### WHAT IS REQUIRED
Your answer should hold every line of the records below that contains the string "Фото".

### DATASET EXTRACT

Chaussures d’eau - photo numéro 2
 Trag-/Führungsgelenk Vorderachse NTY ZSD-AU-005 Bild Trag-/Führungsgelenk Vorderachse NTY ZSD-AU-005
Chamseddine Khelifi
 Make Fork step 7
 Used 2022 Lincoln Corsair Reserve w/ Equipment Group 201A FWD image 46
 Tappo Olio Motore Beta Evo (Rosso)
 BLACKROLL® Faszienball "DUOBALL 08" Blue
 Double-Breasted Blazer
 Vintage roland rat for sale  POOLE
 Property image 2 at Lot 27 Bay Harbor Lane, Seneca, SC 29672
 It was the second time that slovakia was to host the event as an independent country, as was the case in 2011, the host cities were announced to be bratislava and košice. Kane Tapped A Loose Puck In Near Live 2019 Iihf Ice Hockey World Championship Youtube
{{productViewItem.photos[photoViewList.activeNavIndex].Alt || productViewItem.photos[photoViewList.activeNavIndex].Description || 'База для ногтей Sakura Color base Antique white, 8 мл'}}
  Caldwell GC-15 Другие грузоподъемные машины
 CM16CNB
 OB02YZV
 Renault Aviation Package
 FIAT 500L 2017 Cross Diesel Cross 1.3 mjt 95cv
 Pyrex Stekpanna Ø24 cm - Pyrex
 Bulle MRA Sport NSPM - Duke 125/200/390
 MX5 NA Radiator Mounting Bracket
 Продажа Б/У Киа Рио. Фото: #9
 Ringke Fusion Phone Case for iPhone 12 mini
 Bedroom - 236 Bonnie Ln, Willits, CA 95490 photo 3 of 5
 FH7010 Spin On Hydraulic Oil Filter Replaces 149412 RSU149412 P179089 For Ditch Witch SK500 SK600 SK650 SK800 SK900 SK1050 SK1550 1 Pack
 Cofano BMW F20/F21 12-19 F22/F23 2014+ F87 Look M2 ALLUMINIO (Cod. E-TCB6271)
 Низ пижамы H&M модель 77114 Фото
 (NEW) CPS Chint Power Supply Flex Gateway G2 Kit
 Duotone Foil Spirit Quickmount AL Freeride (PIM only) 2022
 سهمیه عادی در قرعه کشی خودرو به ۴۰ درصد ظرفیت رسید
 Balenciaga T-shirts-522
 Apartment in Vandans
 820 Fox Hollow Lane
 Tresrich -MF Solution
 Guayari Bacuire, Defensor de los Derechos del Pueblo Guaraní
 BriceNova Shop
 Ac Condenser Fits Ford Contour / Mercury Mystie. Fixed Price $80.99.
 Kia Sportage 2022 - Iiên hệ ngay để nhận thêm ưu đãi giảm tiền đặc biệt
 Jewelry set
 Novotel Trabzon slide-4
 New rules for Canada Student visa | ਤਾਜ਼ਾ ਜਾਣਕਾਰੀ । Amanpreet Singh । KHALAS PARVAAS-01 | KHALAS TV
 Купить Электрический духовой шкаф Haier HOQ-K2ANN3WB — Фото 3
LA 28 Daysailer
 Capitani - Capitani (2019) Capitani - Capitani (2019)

### YOUR RESPONSE
 Продажа Б/У Киа Рио. Фото: #9
 Низ пижамы H&M модель 77114 Фото
 Купить Электрический духовой шкаф Haier HOQ-K2ANN3WB — Фото 3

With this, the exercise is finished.